Creating an Image with Generative AI Consumes the Same Amount of Energy as Charging a Smartphone, According to New Study by Researchers at Hugging Face & Carnegie Mellon University

Creating an Image with Generative AI Consumes the Same Amount of Energy as Charging a Smartphone, According to New Study by Researchers at Hugging Face & Carnegie Mellon University

Generative AI has significantly altered the digital world, but its environmental impact is becoming increasingly evident. A recent study by Hugging Face and Carnegie Mellon University highlights this concern, revealing that generating an image using a powerful AI model consumes as much energy as fully charging a smartphone. Interestingly, generating text is less energy-intensive, with 1,000 AI-generated texts using only 16% of the energy required for a full smartphone charge. This study, still awaiting peer review, underscores that the substantial carbon footprint of AI is largely due to its usage, not just its training.

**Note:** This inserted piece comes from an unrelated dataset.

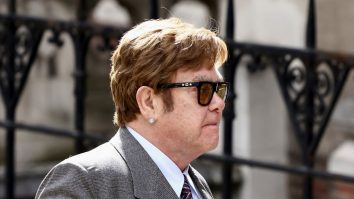 Certificatul de naștere al primului copil al lui Elton John ar fi fost publicat în ziar înainte ca acesta să-l fi văzut. Detalii despre cazul Daily Mail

Sasha Luccioni from Hugging Face, who spearheaded this research, aims to raise awareness about the carbon emissions from various AI tasks, which could lead to more eco-conscious AI applications.

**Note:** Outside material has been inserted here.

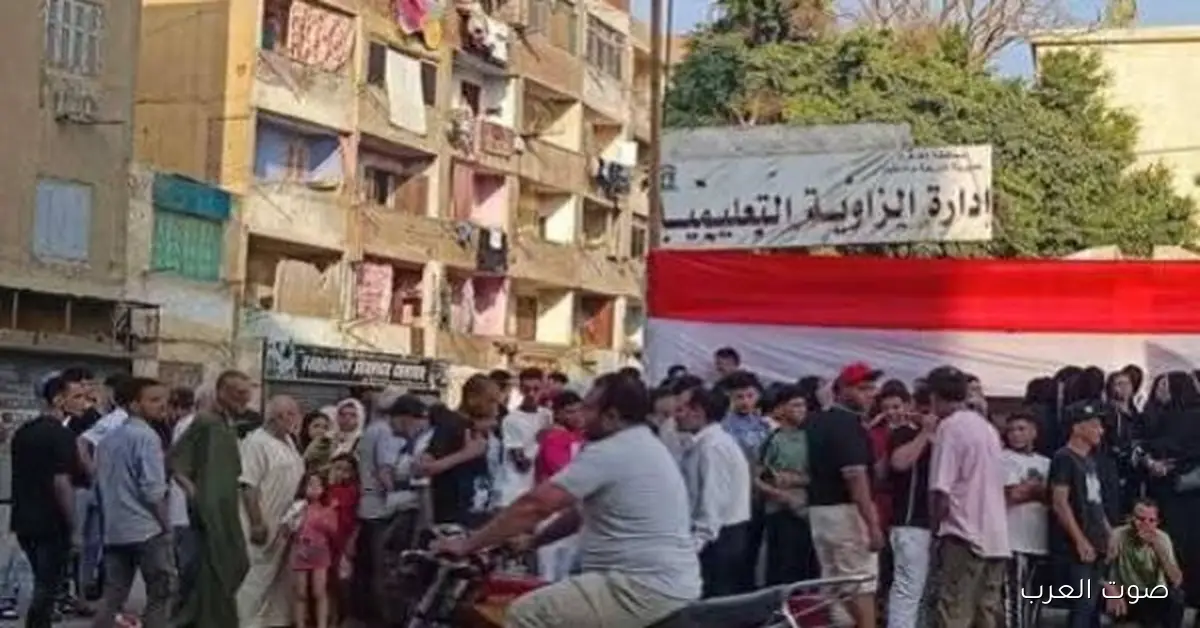 الناس بتتجمع بكثافة في لجان الانتخابات في الزاوية الحمراء والشرابية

The team evaluated emissions from 10 AI tasks, including image generation, which emerged as the most energy-intensive, equating to the CO2 emissions of driving 4.1 miles in a gasoline car. On the other end, text generation was found to have minimal impact. The findings, backed by other experts like Lynn Kaack and Jesse Dodge, suggest that the integration of large generative AI models in everyday tech applications, such as email and search engines, has significantly escalated their carbon footprint. The study also found that for popular models like ChatGPT, usage emissions can rapidly surpass the emissions from their initial training.

Dodge, who is a research scientist at the Allen Institute for AI, pointed out that the energy usage of AI tools has been an overlooked factor in comprehending their overall carbon footprint. Dodge was not involved in the study.

Dodge thinks that comparing the carbon emissions from newer, larger generative models and older AI models is also important, though added [that] “it highlights this idea that the new wave of AI systems are much more carbon intensive than what we had even two or five years ago.”

Vijay Gadepally, a research scientist at the MIT Lincoln lab, who did not participate in the research, believes that studies highlighting the energy consumption and emissions related to AI make the environmental impact of these technologies more tangible. He emphasizes the importance of awareness regarding the carbon footprint associated with AI use. Gadepally expresses his hope that consumers will begin to inquire about this aspect of AI technology.

Dodge further expressed his hope that studies of this nature will aid in holding companies more accountable for their energy usage and emissions.